Most marketers rely on the big three social platforms to connect, engage and inform their followers. For B2C marketers, 97% used Facebook, 65% used Twitter, and 60% used Instagram, according to 2018 Statista data. For B2B, 89% used Facebook, 81% used LinkedIn, and 75% used Twitter.

For years, Twitter has consistently ranked among brands’ go-to destinations for social media platforms. But did you know Twitter has 32% fewer daily active users (126 million) than Snapchat (186 million)?

Because of Snapchat’s limited niche audience, marketers shy away from it. Only 8% of B2C marketers use it, and 6% of B2B businesses have an account.

So, how has Twitter managed to stay a marketer-favorite despite its small audience while Snapchat never really took off?

At first glance, you might think Snapchat has a younger demographic. Those between the ages of 18 and 29 (68%) are most likely to use Snapchat while only 26 % of adults between the ages of 30 and 39 use Snapchat, according to 2018 Pew Research Center data.

Yet, the breakdown on Twitter is pretty darn similar. Only 27% of 30- to 39-year-old adults use Twitter, and its largest segment of users are between the ages of 18 and 29.

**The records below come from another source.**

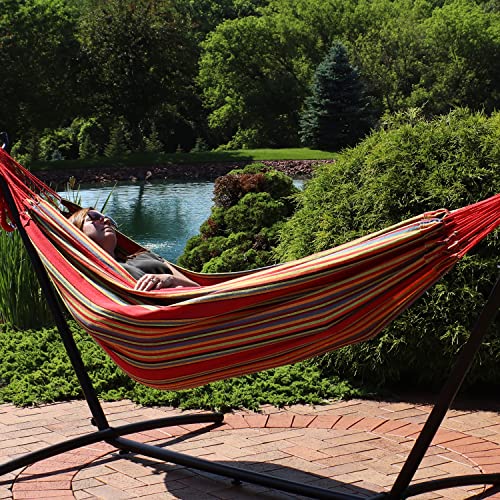 Sunnydaze Brazilian Double Hammock Without Stand, Portable, Sunset - color: Sunset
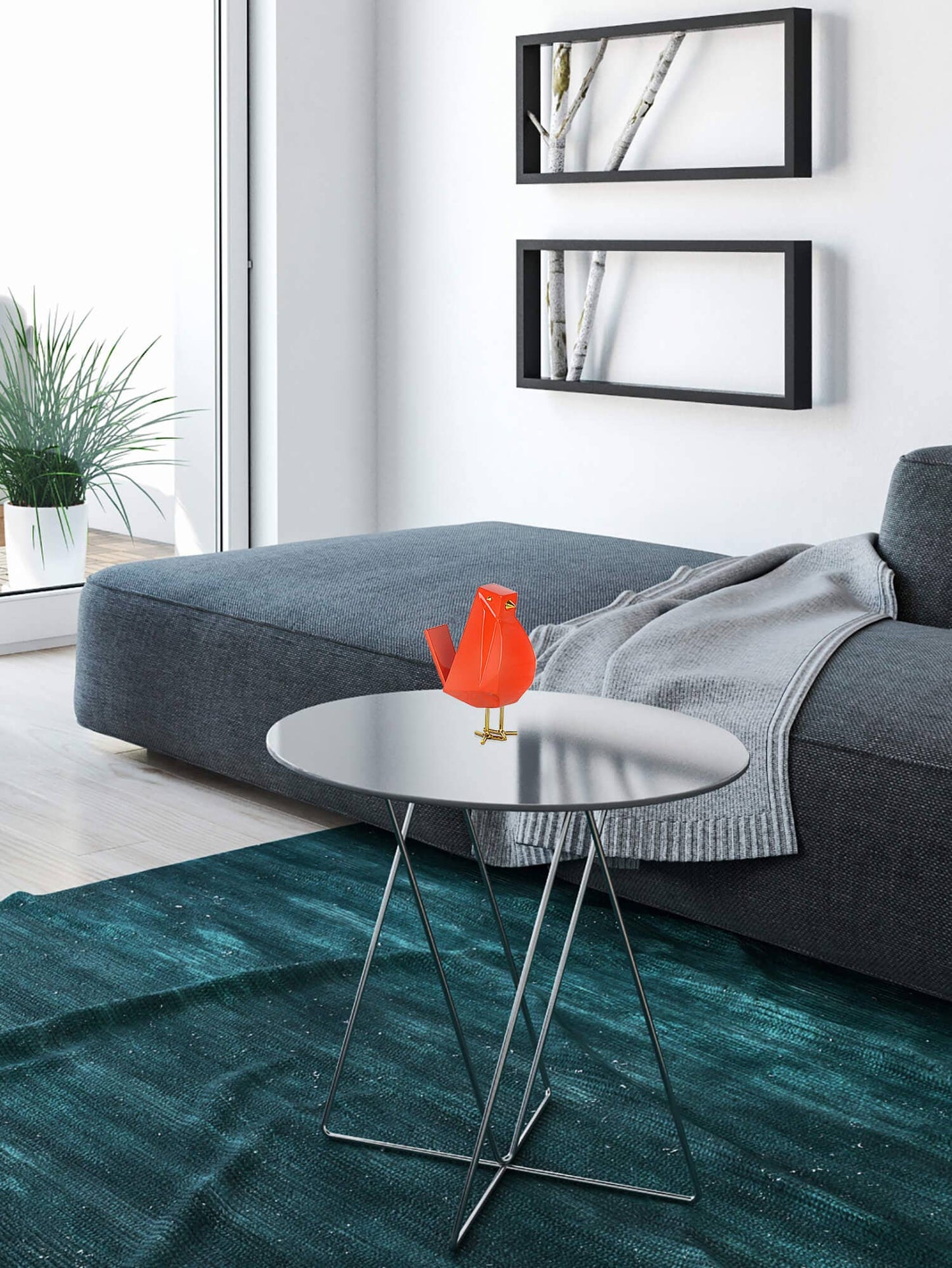 Modern Bird - Sculpture in Lacquered Resin - Orange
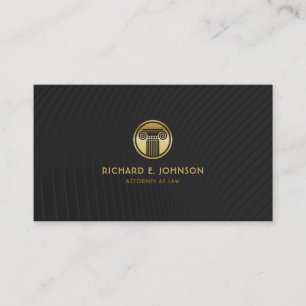 Lawyer Gold Look Pillar Icon Professional Black Business Card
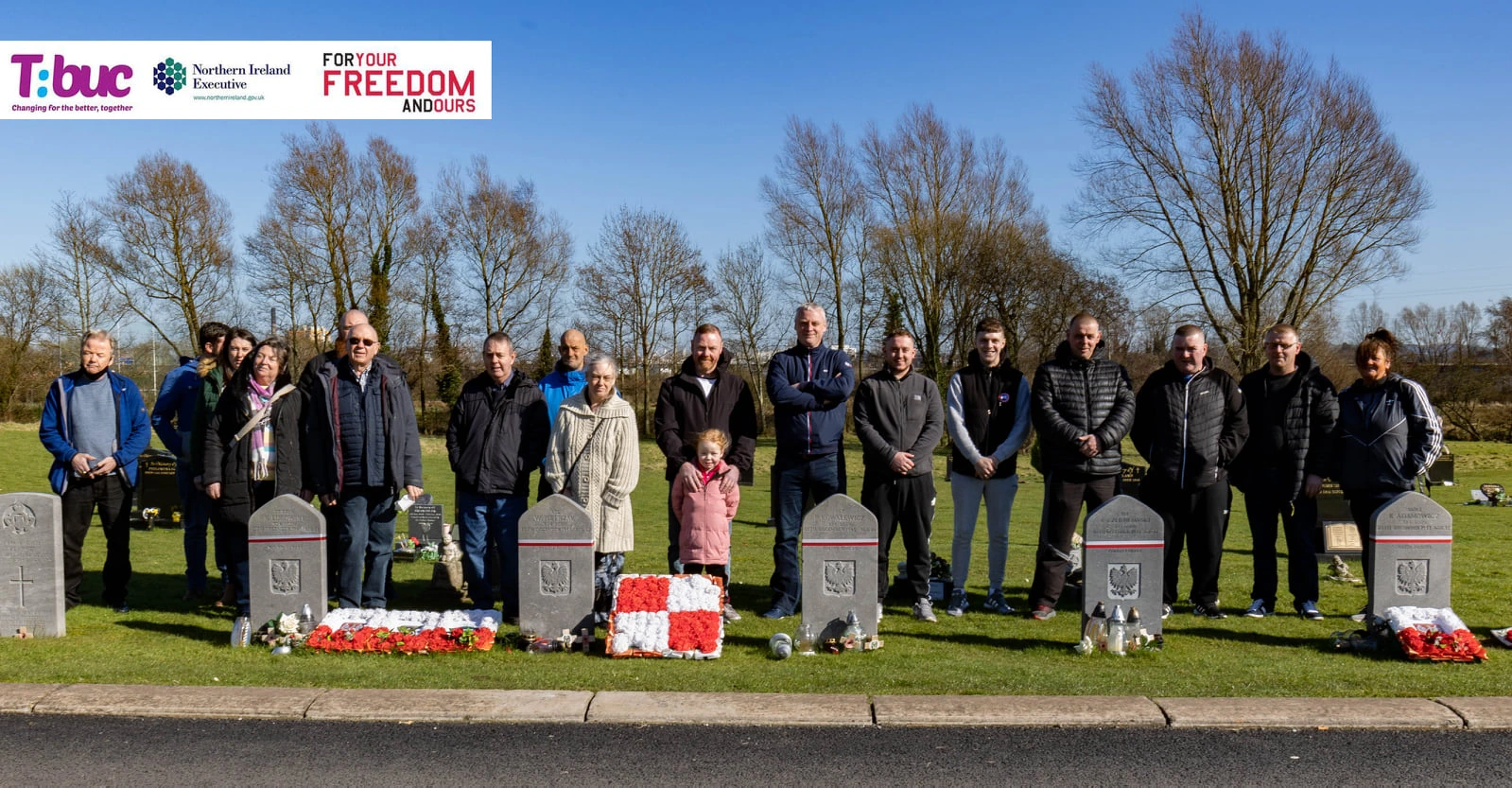 Participants at Polish Second World War graves during the shared history programme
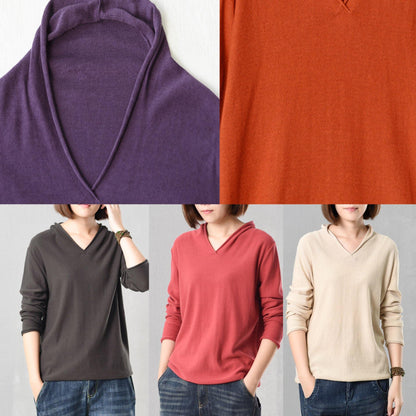 Cozy Beige Sweater Autumn Knitted V Neck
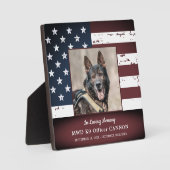 Gedenkstätte für Militärhunde zur Erinnerung Fotoplatte (Vorderseite)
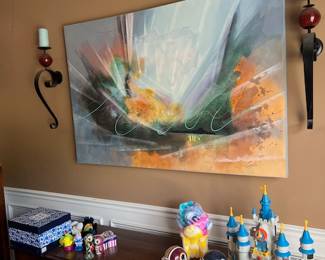 Painting $50 - Candle/sconces $40 for both. Bring tools to take off the wall.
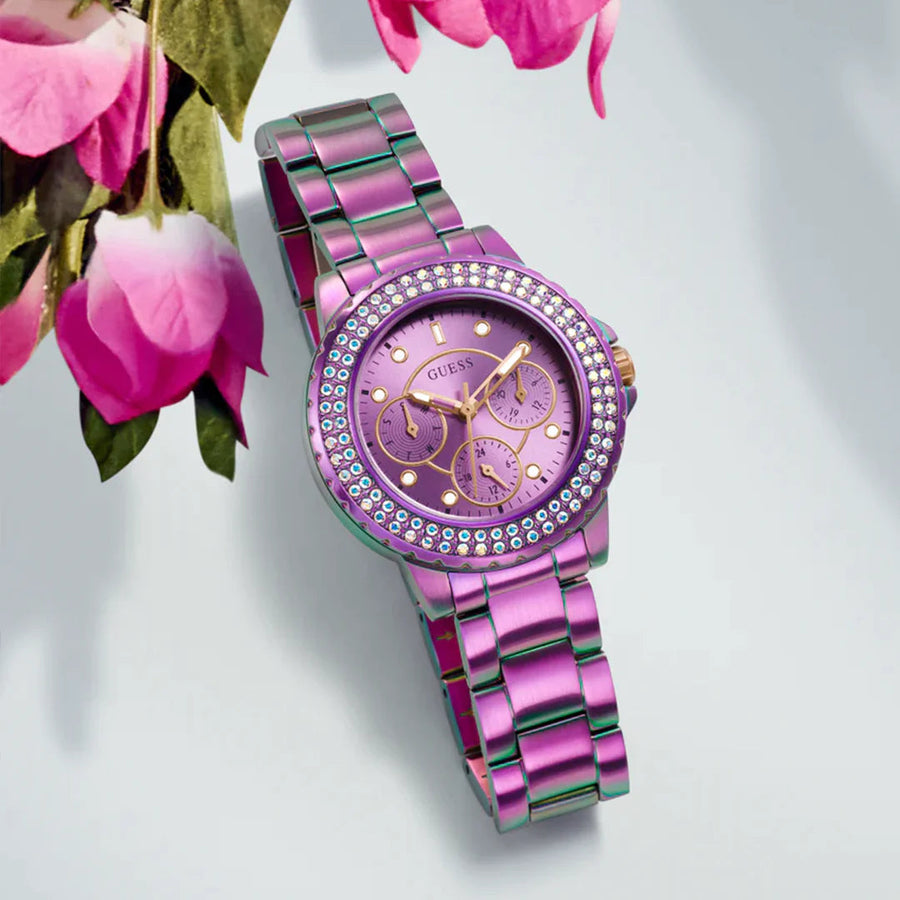 Guess Crown Jewel Diamonds Purple Dial Purple Steel Strap Watch for Women - GW0410L4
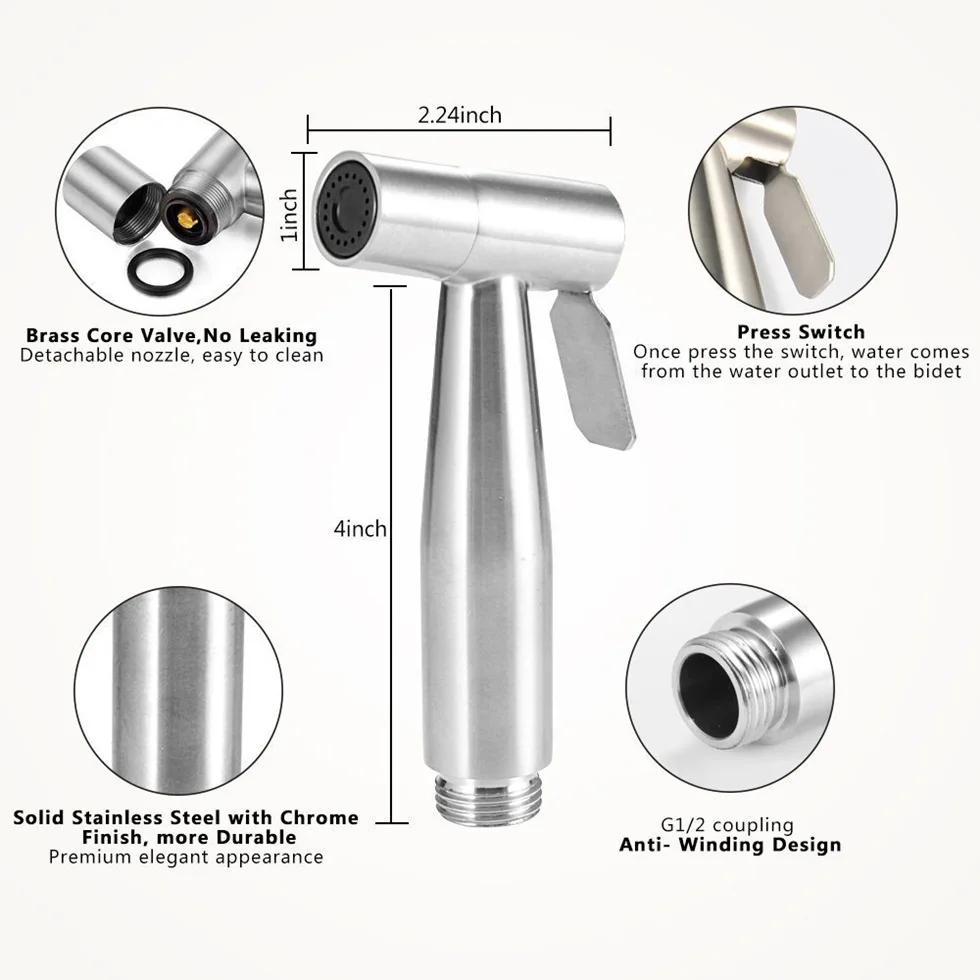 Ручной распылитель для биде, набор Shattaf, инструмент, портативный Abs, персональная гигиена, набор для ванной комнаты, аксессуар, насадка для туалета с держателем для шланга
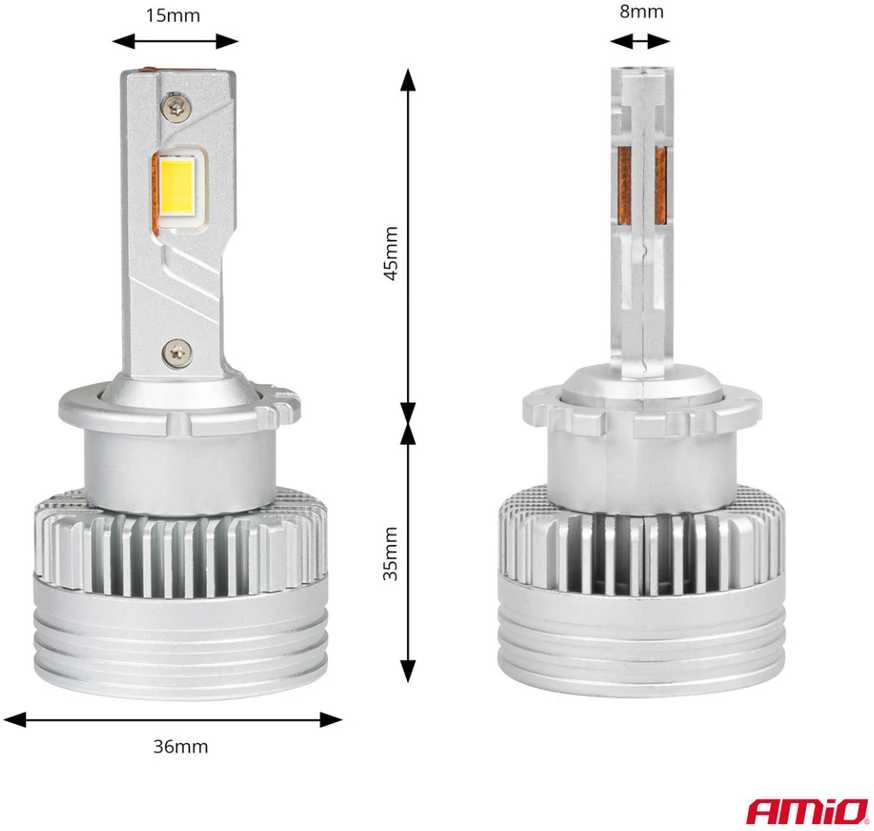 AMiO D4S D4R LED lempučių techninis brėžinys ir išmatavimai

If it’s not the demographics that set Twitter apart, what is it?

For many, it may be a force of habit. When social networks were just catching on, Twitter and Facebook were constantly duking it out to see who would take the top spot. While Facebook continued to grow at a steady rate, Twitter growth petered out. In fact, its growth trajectory looks shockingly similar to Snapchat’s.

It also helps that Twitter is a much lighter lift for businesses. It’s one of the few platforms you can still publish a post with nothing more than text and have it perform well!

Now’s the time to evaluate exactly why your business is using Twitter. What’s your goal for the platform, and is it worth the time you invest?

Sure, your tweets might get seen by a fair-sized audience. But if only one or two people retweet and the platform’s not driving traffic to your website, is that worth it?

If you’re not sure if Twitter is doing much for your business (beyond providing engagement/reach numbers on the platform), experiment by not posting for a week and see if you notice a discernable impact on your business.

Frankly, the time you gain may be better spent on other social platforms. Think of the time you’d have to create videos for Facebook and Instagram!

While you start dreaming of the possibilities, don’t delete your business’ Twitter altogether.

Over 85% of small-to-medium business patrons said it’s important that businesses provide customer service support on Twitter.

You should still check your notifications daily and respond to any tweets or messages sent directly to your company.

If you want to encourage your followers to migrate to another platform where you’re more active, pin a tweet at the top of your profile that points them there.